Le secteur des pêches constitue ainsi un domaine d’interaction très important entre activités humaines et ressources naturelles, un domaine où se pose de manière particulièrement aiguë les problèmes de durabilité des activités humaines, un domaine ou les scientifiques ont acquis une expérience singulière en matière d’analyse de la dynamique des ressources naturelles. Dans ce chapitre, on s’appuie sur la présentation succincte de trois grandes catégories d’approche, qui ont été successivement mises en œuvre dans le domaine de l’halieutique, pour expliquer les déterminants essentiels de la dynamique des ressources marines exploitées et pour montrer comment la connaissance scientifique (ici de la dynamique des populations) peut contribuer à la définition de mesures de régulation des activités humaines (ici la pêche), dans un objectif de développement durable.


2.2.1. L'exploitation des ressources vivantes marines : éléments de contexte
Même si la pêche est une activité aussi ancienne que l’homme, la réelle mise en exploitation des océans mondiaux est elle extrêmement récente. Quelques éléments de contexte sur cette évolution permettent de mieux comprendre les enjeux actuels.

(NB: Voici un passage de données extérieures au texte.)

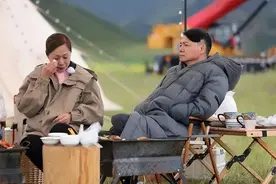 知名男星为救爱妻花光家产，却官宣离婚：恩爱18年，都是装的？图片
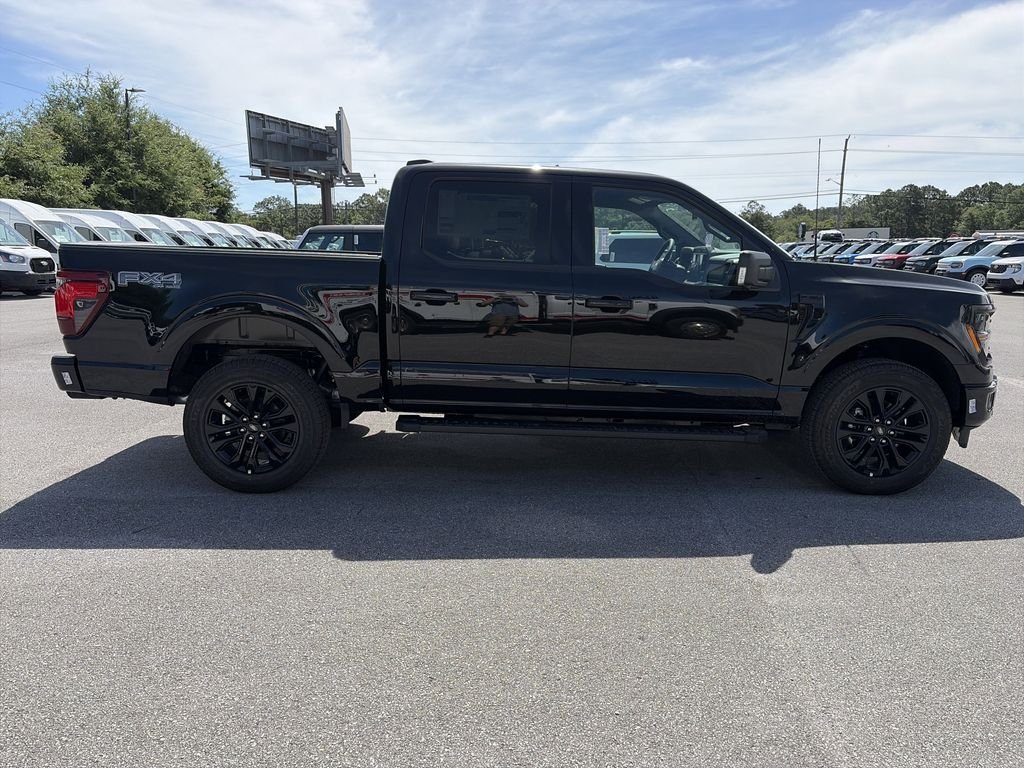New 2026 Agate Black Metallic Ford XLT image 8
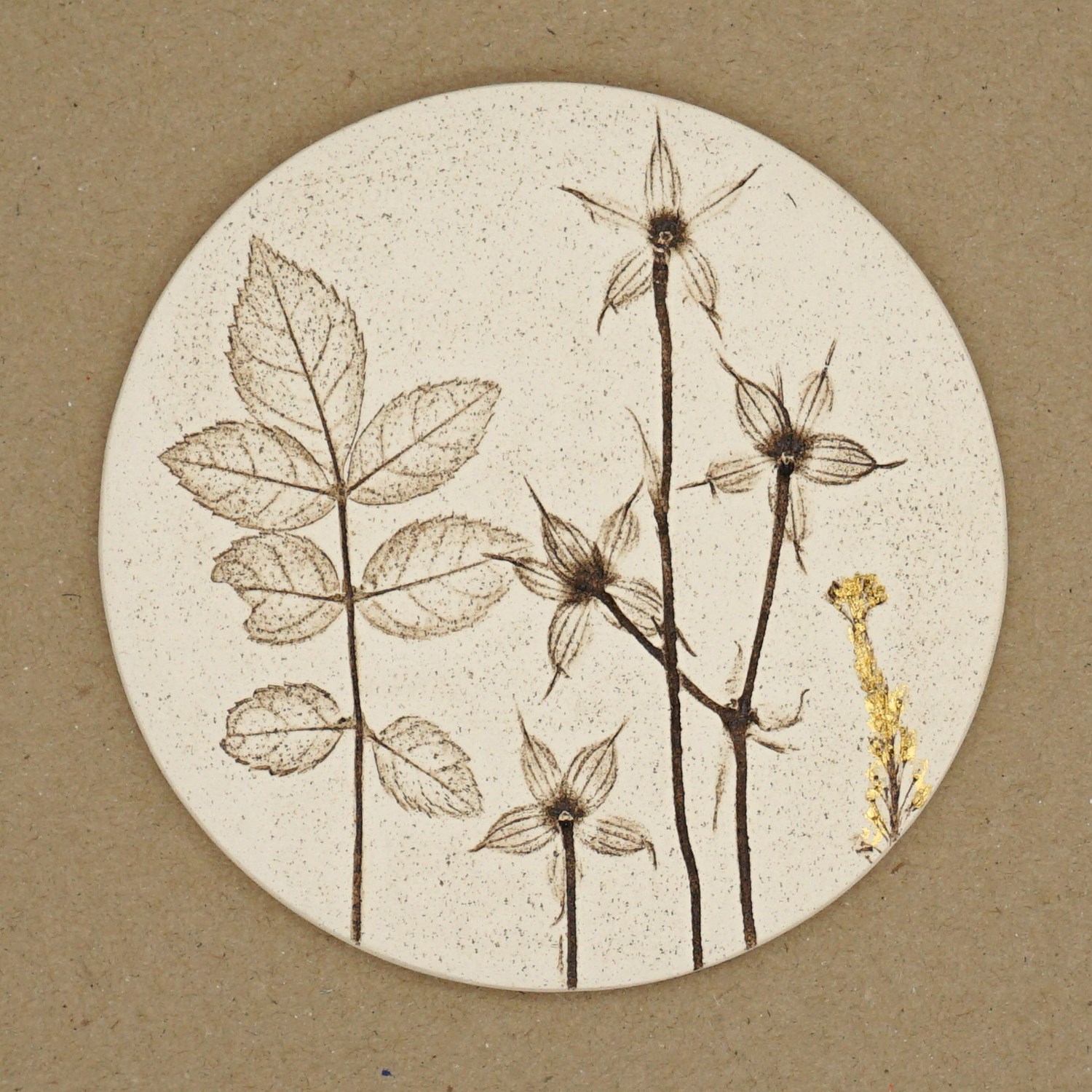 10cm Round Botanical Tile With 24ct Gold Leaf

Evolution des captures mondiales

Pour l’essentiel, la pêche maritime est restée cantonnée dans des zones côtières localisées, jusqu’au début du vingtième siècle. La production mondiale ne dépassait alors pas 5 millions de tonnes. Elle s’est ensuite rapidement accrue, d’abord avec l’apparition des navires motorisés dans l’entre deux guerres, puis avec le développement de grandes flottes de pêche industrielles qui ont progressivement «conquis» les différents océans mondiaux. Deux points sont ici à souligner : 1. à l’échelle des écosystèmes, cette évolution est extrêmement rapide ; on est ainsi passé en quelques décennies de situations proches de l’état vierge à un impact anthropique massif ; 2. cette croissance est aujourd’hui stoppée, avec une production qui plafonne depuis une quinzaine d’années aux environs de 85 millions de tonnes. Si on fait exception de la chine (qui est le premier producteur mondial, mais dont les captures sont connues pour être surestimées), on assiste même à une régression significative des prises. Ceci traduit très vraisemblablement le fait que les potentiels de production du milieu marin ont été globalement atteints et même dépassés en de nombreux endroits.

Crédits
D'après : FAO
Légende
Figure 3.2.2.1 : Evolution des captures mondiales de la pêche maritime, par océan

En France : quand la stagnation cache une dégradation
En France, comme d’ailleurs dans l’ensemble de l’Atlantique Nord, la production des pêches maritimes est globalement stagnante depuis le début des années 70. Cette stagnation cache cependant des évolutions fortes. D’une part, le nombre de navires et surtout le nombre de marins est en forte régression (- 50 % depuis 30 ans, pour le second) ce qui est évidemment source de difficultés économiques et sociales. D’autre part, tous les secteurs n’ont pas évolués de la même manière. Les espèces de fonds (dites espèces «démersale », généralement de forte valeur commerciale et qui se situent relativement haut dans les réseaux trophiques) ont été et sont encore fortement surexploitées ; leurs captures ont globalement été diminuées par 2, entraînant des situations de crises, notamment pour les chalutiers industriels Bretons. A l’inverse, la pêche thonière a connu un important développement, notamment en zone inter-tropicale. Elle concerne des stocks à très vaste aire de répartition, longtemps sous-exploités mais qui sont aujourd’hui en situation de pleine exploitation (sauf le thon rouge de Méditerranée, déjà très surexploité).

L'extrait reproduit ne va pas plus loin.